Assignment: Starting with the line that holds "These are the" and stopping after the line that holds "Samsung Galaxy Z", repeat the lines below word for word, without the pictures.

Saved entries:

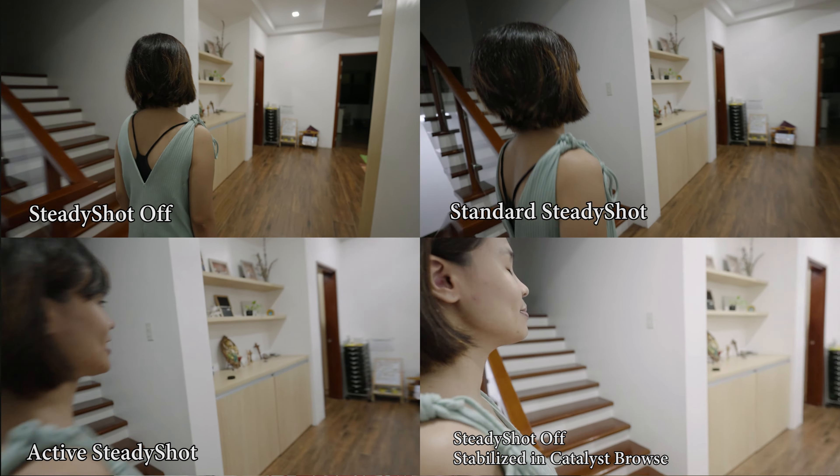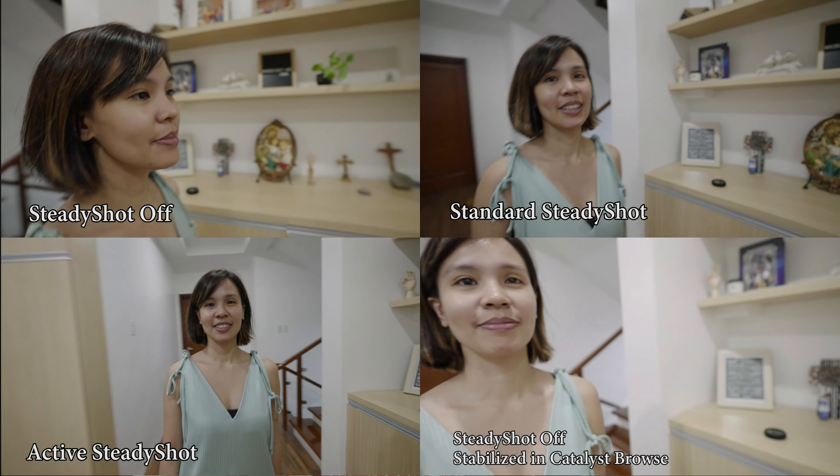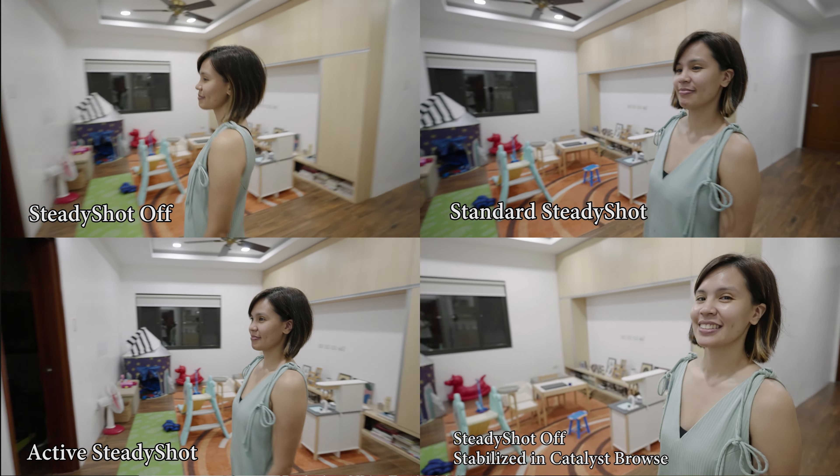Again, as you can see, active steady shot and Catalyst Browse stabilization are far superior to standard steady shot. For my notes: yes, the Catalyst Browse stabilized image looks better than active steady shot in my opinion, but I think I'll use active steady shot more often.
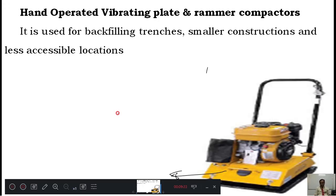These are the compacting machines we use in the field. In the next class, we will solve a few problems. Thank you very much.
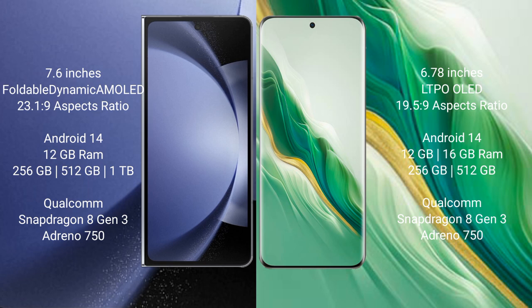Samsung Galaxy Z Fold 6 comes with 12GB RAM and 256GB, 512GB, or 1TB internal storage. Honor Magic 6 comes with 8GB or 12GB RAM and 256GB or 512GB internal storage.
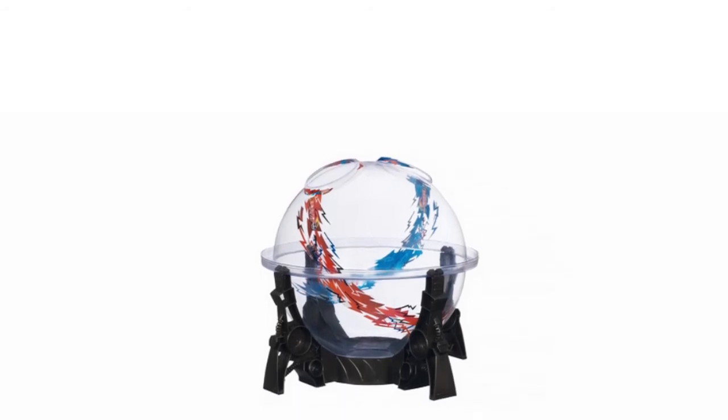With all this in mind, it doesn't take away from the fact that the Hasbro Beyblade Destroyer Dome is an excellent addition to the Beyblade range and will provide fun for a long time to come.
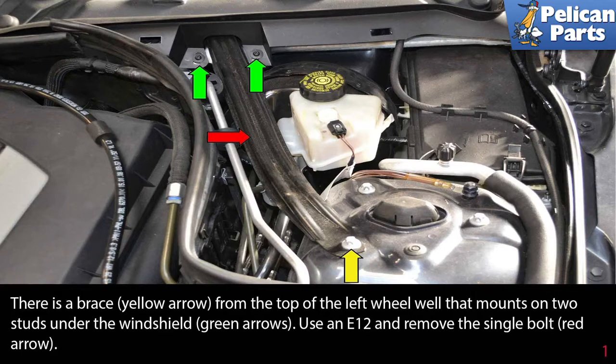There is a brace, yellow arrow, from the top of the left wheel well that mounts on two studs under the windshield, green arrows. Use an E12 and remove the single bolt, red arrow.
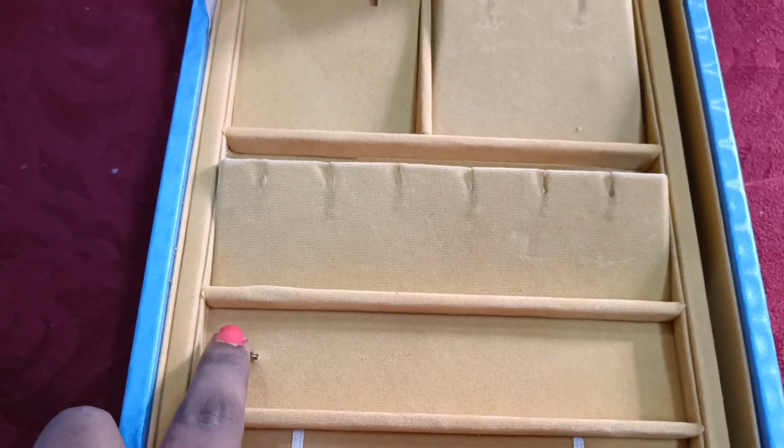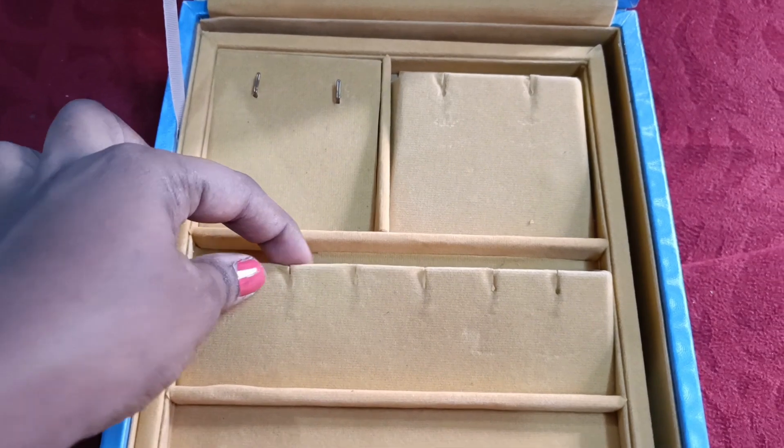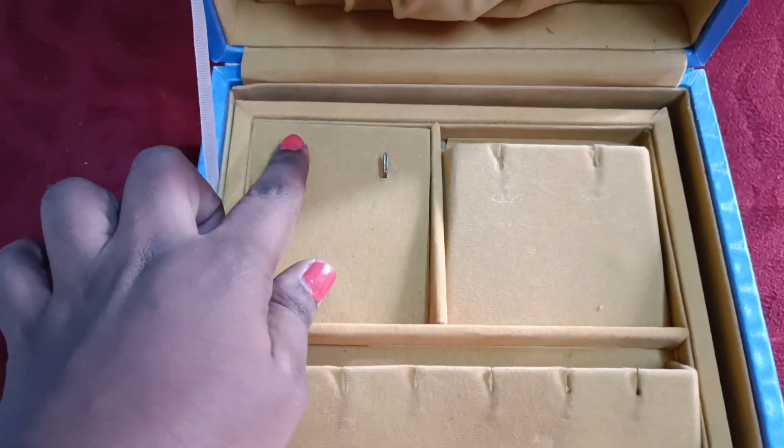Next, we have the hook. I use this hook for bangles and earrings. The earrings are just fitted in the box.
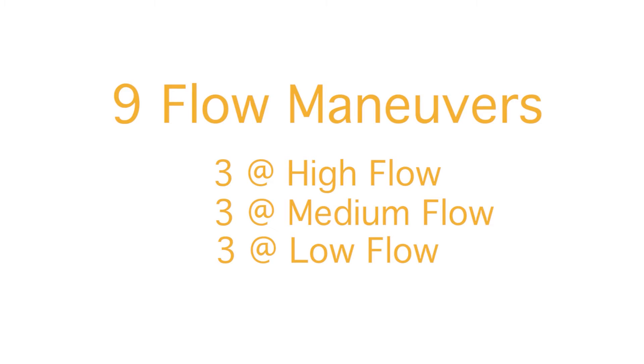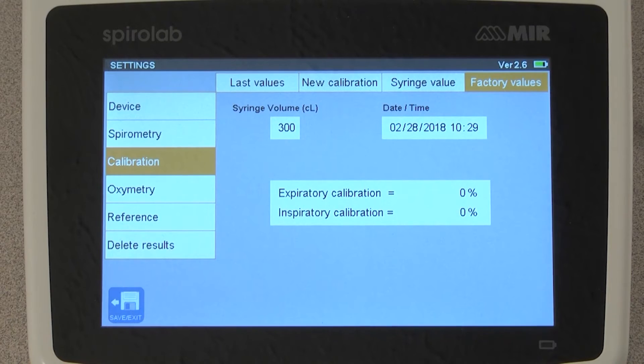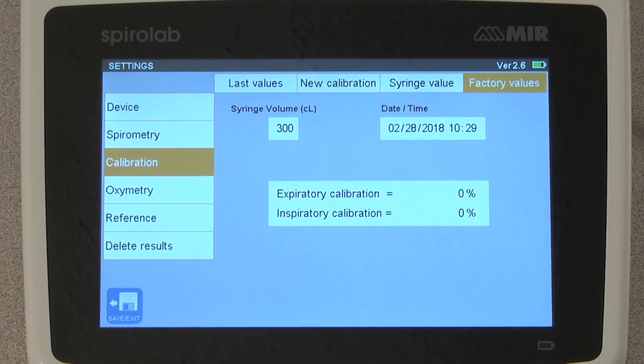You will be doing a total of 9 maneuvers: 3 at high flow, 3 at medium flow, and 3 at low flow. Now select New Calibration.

Response:
These are the compacting machines we use in the field. In the next class, we will solve a few problems. Thank you very much.
Samsung Galaxy Z Fold 6 comes with 12GB RAM and 256GB, 512GB, or 1TB internal storage. Honor Magic 6 comes with 8GB or 12GB RAM and 256GB or 512GB internal storage.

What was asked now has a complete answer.